Every line of the material below should be retyped exactly.

______________________________

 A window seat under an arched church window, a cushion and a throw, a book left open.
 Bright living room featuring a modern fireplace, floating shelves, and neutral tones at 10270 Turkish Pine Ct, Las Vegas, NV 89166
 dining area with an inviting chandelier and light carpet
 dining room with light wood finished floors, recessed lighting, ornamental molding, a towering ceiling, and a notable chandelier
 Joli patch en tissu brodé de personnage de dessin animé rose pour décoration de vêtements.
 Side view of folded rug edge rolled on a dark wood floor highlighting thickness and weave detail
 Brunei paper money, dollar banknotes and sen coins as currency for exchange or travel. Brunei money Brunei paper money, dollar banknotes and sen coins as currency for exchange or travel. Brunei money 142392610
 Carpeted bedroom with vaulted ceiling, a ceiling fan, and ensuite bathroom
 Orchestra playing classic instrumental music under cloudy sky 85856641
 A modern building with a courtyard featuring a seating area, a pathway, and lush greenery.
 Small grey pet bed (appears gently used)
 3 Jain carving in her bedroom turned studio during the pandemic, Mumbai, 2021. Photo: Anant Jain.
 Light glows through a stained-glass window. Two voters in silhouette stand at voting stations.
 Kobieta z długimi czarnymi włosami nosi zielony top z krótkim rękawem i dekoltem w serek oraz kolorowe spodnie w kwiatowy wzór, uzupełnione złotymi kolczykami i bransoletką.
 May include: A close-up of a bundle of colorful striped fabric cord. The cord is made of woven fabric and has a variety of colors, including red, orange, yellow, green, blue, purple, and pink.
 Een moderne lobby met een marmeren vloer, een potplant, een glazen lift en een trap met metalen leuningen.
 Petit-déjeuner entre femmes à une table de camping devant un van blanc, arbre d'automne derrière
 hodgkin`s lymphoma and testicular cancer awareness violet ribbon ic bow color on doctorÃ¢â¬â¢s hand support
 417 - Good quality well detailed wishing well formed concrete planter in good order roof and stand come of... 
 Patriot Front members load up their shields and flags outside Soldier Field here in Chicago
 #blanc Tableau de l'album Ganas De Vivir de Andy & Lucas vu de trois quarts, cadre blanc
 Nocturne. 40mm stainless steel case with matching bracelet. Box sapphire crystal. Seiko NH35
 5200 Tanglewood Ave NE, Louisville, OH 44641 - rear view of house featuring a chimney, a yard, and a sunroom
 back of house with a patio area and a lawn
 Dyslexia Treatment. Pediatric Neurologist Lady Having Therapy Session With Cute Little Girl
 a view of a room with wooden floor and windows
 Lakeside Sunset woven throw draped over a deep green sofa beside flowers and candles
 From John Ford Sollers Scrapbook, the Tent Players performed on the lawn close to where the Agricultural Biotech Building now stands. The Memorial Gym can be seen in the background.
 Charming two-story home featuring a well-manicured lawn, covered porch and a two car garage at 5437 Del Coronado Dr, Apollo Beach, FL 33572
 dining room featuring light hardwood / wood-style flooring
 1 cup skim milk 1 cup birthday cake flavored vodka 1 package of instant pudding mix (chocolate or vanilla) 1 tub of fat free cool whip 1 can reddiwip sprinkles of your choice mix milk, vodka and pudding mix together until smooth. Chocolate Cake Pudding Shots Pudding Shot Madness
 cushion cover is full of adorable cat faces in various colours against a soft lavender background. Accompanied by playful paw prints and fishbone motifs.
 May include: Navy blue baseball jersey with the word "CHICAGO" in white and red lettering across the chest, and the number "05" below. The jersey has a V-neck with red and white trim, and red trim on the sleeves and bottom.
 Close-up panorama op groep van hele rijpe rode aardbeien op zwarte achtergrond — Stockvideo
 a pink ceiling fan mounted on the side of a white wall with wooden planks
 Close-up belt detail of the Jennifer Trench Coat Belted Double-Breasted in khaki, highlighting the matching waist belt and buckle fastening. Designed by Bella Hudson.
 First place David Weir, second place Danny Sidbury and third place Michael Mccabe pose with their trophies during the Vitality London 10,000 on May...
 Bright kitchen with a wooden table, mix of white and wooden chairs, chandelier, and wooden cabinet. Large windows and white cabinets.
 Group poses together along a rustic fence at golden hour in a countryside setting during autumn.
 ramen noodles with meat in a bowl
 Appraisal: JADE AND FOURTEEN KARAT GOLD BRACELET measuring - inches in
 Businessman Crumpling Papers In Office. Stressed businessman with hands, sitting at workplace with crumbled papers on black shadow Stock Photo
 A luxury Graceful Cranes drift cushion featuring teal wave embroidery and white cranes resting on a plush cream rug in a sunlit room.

______________________________

▸ **Written response**
 A window seat under an arched church window, a cushion and a throw, a book left open.
 Bright living room featuring a modern fireplace, floating shelves, and neutral tones at 10270 Turkish Pine Ct, Las Vegas, NV 89166
 dining area with an inviting chandelier and light carpet
 dining room with light wood finished floors, recessed lighting, ornamental molding, a towering ceiling, and a notable chandelier
 Joli patch en tissu brodé de personnage de dessin animé rose pour décoration de vêtements.
 Side view of folded rug edge rolled on a dark wood floor highlighting thickness and weave detail
 Brunei paper money, dollar banknotes and sen coins as currency for exchange or travel. Brunei money Brunei paper money, dollar banknotes and sen coins as currency for exchange or travel. Brunei money 142392610
 Carpeted bedroom with vaulted ceiling, a ceiling fan, and ensuite bathroom
 Orchestra playing classic instrumental music under cloudy sky 85856641
 A modern building with a courtyard featuring a seating area, a pathway, and lush greenery.
 Small grey pet bed (appears gently used)
 3 Jain carving in her bedroom turned studio during the pandemic, Mumbai, 2021. Photo: Anant Jain.
 Light glows through a stained-glass window. Two voters in silhouette stand at voting stations.
 Kobieta z długimi czarnymi włosami nosi zielony top z krótkim rękawem i dekoltem w serek oraz kolorowe spodnie w kwiatowy wzór, uzupełnione złotymi kolczykami i bransoletką.
 May include: A close-up of a bundle of colorful striped fabric cord. The cord is made of woven fabric and has a variety of colors, including red, orange, yellow, green, blue, purple, and pink.
 Een moderne lobby met een marmeren vloer, een potplant, een glazen lift en een trap met metalen leuningen.
 Petit-déjeuner entre femmes à une table de camping devant un van blanc, arbre d'automne derrière
 hodgkin`s lymphoma and testicular cancer awareness violet ribbon ic bow color on doctorÃ¢â¬â¢s hand support
 417 - Good quality well detailed wishing well formed concrete planter in good order roof and stand come of... 
 Patriot Front members load up their shields and flags outside Soldier Field here in Chicago
 #blanc Tableau de l'album Ganas De Vivir de Andy & Lucas vu de trois quarts, cadre blanc
 Nocturne. 40mm stainless steel case with matching bracelet. Box sapphire crystal. Seiko NH35
 5200 Tanglewood Ave NE, Louisville, OH 44641 - rear view of house featuring a chimney, a yard, and a sunroom
 back of house with a patio area and a lawn
 Dyslexia Treatment. Pediatric Neurologist Lady Having Therapy Session With Cute Little Girl
 a view of a room with wooden floor and windows
 Lakeside Sunset woven throw draped over a deep green sofa beside flowers and candles
 From John Ford Sollers Scrapbook, the Tent Players performed on the lawn close to where the Agricultural Biotech Building now stands. The Memorial Gym can be seen in the background.
 Charming two-story home featuring a well-manicured lawn, covered porch and a two car garage at 5437 Del Coronado Dr, Apollo Beach, FL 33572
 dining room featuring light hardwood / wood-style flooring
 1 cup skim milk 1 cup birthday cake flavored vodka 1 package of instant pudding mix (chocolate or vanilla) 1 tub of fat free cool whip 1 can reddiwip sprinkles of your choice mix milk, vodka and pudding mix together until smooth. Chocolate Cake Pudding Shots Pudding Shot Madness
 cushion cover is full of adorable cat faces in various colours against a soft lavender background. Accompanied by playful paw prints and fishbone motifs.
 May include: Navy blue baseball jersey with the word "CHICAGO" in white and red lettering across the chest, and the number "05" below. The jersey has a V-neck with red and white trim, and red trim on the sleeves and bottom.
 Close-up panorama op groep van hele rijpe rode aardbeien op zwarte achtergrond — Stockvideo
 a pink ceiling fan mounted on the side of a white wall with wooden planks
 Close-up belt detail of the Jennifer Trench Coat Belted Double-Breasted in khaki, highlighting the matching waist belt and buckle fastening. Designed by Bella Hudson.
 First place David Weir, second place Danny Sidbury and third place Michael Mccabe pose with their trophies during the Vitality London 10,000 on May...
 Bright kitchen with a wooden table, mix of white and wooden chairs, chandelier, and wooden cabinet. Large windows and white cabinets.
 Group poses together along a rustic fence at golden hour in a countryside setting during autumn.
 ramen noodles with meat in a bowl
 Appraisal: JADE AND FOURTEEN KARAT GOLD BRACELET measuring - inches in
 Businessman Crumpling Papers In Office. Stressed businessman with hands, sitting at workplace with crumbled papers on black shadow Stock Photo
 A luxury Graceful Cranes drift cushion featuring teal wave embroidery and white cranes resting on a plush cream rug in a sunlit room.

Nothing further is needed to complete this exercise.